Doing Your Duty: St John Ambulance at Royal Ceremonies and Celebrations

Museum of the Order of St John Isobel MacAuslan, Museum Assistant

From weddings to funerals, coronations to jubilees, St John Ambulance has been on hand to assist at events relating to the British Monarchy for over 130 years. Public occasions encourage large crowds of people to gather to pay their respects and experience a historic moment. When you get a large crowd of people together, there is great potential for accidents to happen! It is rather useful to have a first aid service nearby. St John’s first royal engagement was the Golden Jubilee of Queen Victoria in 1887. At the time, the service was referred to as the “Invalid Transport Corps” and only 50 men participated. Since then, the service has continued to play an important role at Royal events.

A great deal of planning and coordination goes into making sure that the first aid provision at these events is executed perfectly. Kit needs to be prepared and volunteers need briefing. For the wedding of HRH Prince Charles and Lady Diana Spencer in July 1981, 10,000 copies of a 27 page “Order of the Day” were issued to the volunteers with updates and alterations being issued on a daily basis. It was vital that the wedding was meticulously planned as it was only one event in a very busy schedule of public duties for St John Ambulance in London that summer. Events such as Trooping the Colour, Wimbledon, Chelsea and a Children’s Party on Oxford Street all required kit, vehicles and volunteers in the same few months. Rehearsals took place for the Royal Wedding, the same day as the Children’s Party, 26th July, requiring many vehicles to be out on duty that day.

When a member of the royal family dies, the timeframe between the announcement and funeral is short. Although details of Royal funerals may be pre-planned, the circumstances of the occasion can rarely be anticipated. Indeed, St John must be ready to provide cover under difficult and shocking circumstances. Upon the sudden death of King George VI in 1953, the King’s coffin travelled down to London to lie in state over a weekend.  Their extensive training meant the volunteers were able to spring to action and carry out their duties capably at extremely short notice However, there were logistical issues that made the duty harder. The normal telephone facilities that the St John Ambulance Brigade used to coordinate efforts on the ground were not set up for them given the last-minute nature of the duty, and Cadets were drafted in to help man the switch boards. In reports, it is noted that what would have been an easy duty, was made more complicated by the circumstances. Forty-four years later, upon the sudden death of Diana, Princess of Wales, St John people worked around the clock to provide cover during an unprecedented outpouring of national grief, and to mobilise for a funeral that had not been anticipated.

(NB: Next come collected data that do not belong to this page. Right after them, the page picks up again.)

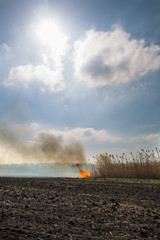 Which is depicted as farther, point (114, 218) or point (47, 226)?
point (114, 218)

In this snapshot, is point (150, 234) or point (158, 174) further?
point (158, 174)

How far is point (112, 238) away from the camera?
4.53m

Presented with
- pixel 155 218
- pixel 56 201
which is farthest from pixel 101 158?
pixel 155 218

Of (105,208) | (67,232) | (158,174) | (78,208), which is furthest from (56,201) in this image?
(158,174)

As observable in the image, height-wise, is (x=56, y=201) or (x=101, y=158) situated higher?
(x=101, y=158)

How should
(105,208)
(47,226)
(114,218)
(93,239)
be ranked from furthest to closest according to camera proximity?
(105,208)
(114,218)
(47,226)
(93,239)

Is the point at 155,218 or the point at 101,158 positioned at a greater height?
the point at 101,158

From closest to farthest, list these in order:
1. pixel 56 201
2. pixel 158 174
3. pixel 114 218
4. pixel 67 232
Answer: pixel 67 232 < pixel 114 218 < pixel 56 201 < pixel 158 174

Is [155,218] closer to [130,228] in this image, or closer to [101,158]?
[130,228]

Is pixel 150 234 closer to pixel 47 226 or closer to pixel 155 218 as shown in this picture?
pixel 155 218

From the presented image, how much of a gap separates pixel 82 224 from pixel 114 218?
1077 mm

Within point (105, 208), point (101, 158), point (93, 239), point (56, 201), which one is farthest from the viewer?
point (101, 158)

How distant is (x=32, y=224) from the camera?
530cm

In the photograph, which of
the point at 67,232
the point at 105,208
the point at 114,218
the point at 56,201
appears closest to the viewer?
the point at 67,232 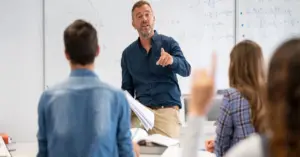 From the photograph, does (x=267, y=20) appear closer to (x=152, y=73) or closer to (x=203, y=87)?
(x=152, y=73)

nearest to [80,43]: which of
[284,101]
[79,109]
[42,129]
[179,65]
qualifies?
[79,109]

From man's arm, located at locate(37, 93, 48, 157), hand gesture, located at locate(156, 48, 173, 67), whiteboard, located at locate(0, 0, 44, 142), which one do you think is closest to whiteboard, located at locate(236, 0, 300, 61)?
hand gesture, located at locate(156, 48, 173, 67)

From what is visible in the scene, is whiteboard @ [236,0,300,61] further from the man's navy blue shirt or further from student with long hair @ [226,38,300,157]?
student with long hair @ [226,38,300,157]

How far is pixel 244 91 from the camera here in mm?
2068

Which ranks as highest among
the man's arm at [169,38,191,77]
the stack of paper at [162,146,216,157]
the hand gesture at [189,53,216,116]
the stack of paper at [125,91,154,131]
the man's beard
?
the man's beard

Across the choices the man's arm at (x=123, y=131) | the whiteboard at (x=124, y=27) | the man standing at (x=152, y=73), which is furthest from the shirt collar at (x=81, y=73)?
the whiteboard at (x=124, y=27)

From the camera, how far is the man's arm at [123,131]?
1822 mm

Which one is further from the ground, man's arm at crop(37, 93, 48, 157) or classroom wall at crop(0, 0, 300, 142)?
classroom wall at crop(0, 0, 300, 142)

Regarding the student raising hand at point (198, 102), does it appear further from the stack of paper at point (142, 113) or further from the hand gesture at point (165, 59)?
the hand gesture at point (165, 59)

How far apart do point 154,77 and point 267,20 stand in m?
1.84

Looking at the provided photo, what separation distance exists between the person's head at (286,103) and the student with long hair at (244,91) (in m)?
1.16

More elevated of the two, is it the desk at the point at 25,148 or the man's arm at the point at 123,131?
the man's arm at the point at 123,131

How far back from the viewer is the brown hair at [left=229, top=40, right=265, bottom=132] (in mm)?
2047

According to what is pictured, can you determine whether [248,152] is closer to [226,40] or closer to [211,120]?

Although the No.1 District, the London Region, have the greatest involvement with Royal duties given that they cover the capital, they are not the only ones to be involved. 7,000 volunteers from around the country worked at the coronations of George VI in 1937 and Elizabeth II in 1953. At the latter, representatives from all 40 English counties, the Isle of Man, the Channel Islands, Northern Ireland and Wales were also present. There were 50 overseas members on duty representing Canada, Australia, Gibraltar, New Zealand and Malta. For the wedding of Prince Charles and Princess Diana, representatives from across the British Isles were once again invited to support the celebrations. In many instances, support is also required nationwide at local celebrations. Units in the Windsor area have also had their fair share of royal duties to participate in.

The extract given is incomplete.